April 30, 2014
Cloudera, Impala, data warehousing and Hive
There’s much confusion about Cloudera’s SQL plans and beliefs, and the company has mainly itself to blame. That said, here’s what I think is going on.
- Hive is good at some tasks and terrible at others.
- Hive is good at batch data transformation.
- Hive is bad at ad-hoc query, unless you really, really need Hive’s scale and low license cost. One example, per Eli Collins: Facebook has a 500 petabyte Hive warehouse, but jokes that on a good day an analyst can run 6 queries against it.
- Impala is meant to be good at what Hive is bad at – i.e., fast-response query. (Cloudera mentioned reliable 100 millisecond response times for at least one user.)
- Impala is also meant to be good at what Hive is good at, and will someday from Cloudera’s standpoint completely supersede Hive, but Cloudera is in no hurry for that day to arrive. Hive is more mature. Hive still has more SQL coverage than Impala. There’s a lot of legacy investment in Hive. Cloudera gets little business advantage if a customer sunsets Hive.
- Impala is already decent at some tasks analytic RDBMS are commonly used for. Cloudera insists that some queries run very quickly on Impala. I believe them.
- Impala is terrible at others, including some of the ones most closely associated with the concept of “data warehousing”. Data modeling is a big zero right now. Impala’s workload management, concurrency and all that are very immature.

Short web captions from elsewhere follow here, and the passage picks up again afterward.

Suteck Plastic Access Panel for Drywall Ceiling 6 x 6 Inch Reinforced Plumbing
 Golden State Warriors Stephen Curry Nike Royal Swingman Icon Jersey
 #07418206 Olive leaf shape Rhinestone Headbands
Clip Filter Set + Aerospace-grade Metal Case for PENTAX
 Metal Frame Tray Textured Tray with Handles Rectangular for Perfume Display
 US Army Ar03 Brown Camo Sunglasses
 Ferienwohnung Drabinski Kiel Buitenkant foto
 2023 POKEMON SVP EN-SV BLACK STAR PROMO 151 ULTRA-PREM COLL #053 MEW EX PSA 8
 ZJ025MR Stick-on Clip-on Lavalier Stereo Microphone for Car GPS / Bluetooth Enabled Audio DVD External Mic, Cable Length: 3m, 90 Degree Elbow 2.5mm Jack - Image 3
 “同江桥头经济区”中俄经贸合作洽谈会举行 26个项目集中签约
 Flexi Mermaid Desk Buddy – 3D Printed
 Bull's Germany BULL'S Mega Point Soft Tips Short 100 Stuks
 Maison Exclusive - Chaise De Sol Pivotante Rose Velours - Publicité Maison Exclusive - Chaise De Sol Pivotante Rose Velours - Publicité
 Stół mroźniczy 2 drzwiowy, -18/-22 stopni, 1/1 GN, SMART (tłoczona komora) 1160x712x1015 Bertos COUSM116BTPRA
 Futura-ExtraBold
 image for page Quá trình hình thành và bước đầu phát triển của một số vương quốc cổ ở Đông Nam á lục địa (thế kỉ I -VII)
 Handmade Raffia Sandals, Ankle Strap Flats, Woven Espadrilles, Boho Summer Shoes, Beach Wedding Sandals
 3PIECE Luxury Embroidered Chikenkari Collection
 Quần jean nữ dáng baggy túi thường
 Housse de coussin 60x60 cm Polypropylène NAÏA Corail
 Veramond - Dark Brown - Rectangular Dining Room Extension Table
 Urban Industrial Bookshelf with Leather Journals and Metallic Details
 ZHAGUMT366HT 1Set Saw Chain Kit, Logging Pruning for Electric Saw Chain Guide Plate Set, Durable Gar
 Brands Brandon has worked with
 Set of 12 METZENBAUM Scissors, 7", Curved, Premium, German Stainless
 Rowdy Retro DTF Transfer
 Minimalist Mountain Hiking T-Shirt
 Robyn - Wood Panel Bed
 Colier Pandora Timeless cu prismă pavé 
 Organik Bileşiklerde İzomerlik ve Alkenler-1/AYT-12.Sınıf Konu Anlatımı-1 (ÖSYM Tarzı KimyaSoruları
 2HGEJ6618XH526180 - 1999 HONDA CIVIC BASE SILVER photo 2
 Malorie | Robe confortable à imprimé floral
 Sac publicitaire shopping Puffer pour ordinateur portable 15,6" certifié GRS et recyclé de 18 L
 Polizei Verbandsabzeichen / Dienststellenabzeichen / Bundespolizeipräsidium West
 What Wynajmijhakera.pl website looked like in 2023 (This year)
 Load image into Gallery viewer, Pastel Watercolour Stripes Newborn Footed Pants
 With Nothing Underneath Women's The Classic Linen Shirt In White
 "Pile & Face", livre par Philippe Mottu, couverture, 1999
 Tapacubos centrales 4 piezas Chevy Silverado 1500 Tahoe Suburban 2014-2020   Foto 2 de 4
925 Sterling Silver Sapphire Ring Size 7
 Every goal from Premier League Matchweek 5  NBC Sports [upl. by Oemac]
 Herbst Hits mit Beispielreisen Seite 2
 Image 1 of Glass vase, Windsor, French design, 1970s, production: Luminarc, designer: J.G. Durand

- There are some use cases for which SQL-on-Hadoop blows away analytic RDBMS, for example ones involving data transformations – perhaps on multi-structured data – that are impractical in RDBMS.
And of course, as vendors so often do, Cloudera generally overrates both the relative maturity of Impala and the relative importance of the use cases in which its offerings – Impala or otherwise – shine.
Related links
- A survey of SQL/Hadoop integration (February, 2014)
- The cardinal rules of DBMS development (March, 2013)
Categories: Cloudera, Data warehousing, Facebook, Hadoop, SQL/Hadoop integration, Workload management
Subscribe to our complete feed!
Comments
4 Responses to “Cloudera, Impala, data warehousing and Hive”
Leave a Reply
Does Impala do index nested loops joins with HBase?
About impala performance, we ran our own comparison against Vertica: http://baboonit.be/blog/measuring-vertica-performance-with-tpc-ds
For the results they published, impala is actually quite fast. They didn’t publish concurrency results.
Mark: Impala does not yet support index nested loop joins against HBase, but it’s something we’re looking at. No release date yet, though.
There is another SQL implementation on HBASE by name of Splice Machine. They provide ACID compliance. After downloading the product on single node and trying for simple testing was completely disappointed by what splice machine has to offer. First, it is SQL on Hbase (not sure why does that make it a RDBMS) or SQL on Hadoop i.e. lots of marketing in their material.
Secondly, product is using Derby for the front end SQL layer and most of the execution is extremely slow as lots of operations (like Joins) happen in the JVMs. SQL isn’t complete, you need an Oracle Expert from early 1980s to make Splice machine work. Query performance even on Single node on small dataset was below par. Transaction thru put doesn’t keep up with likes of VoltDB or NoSQL.
Will be downloading Impala and give it a shot next.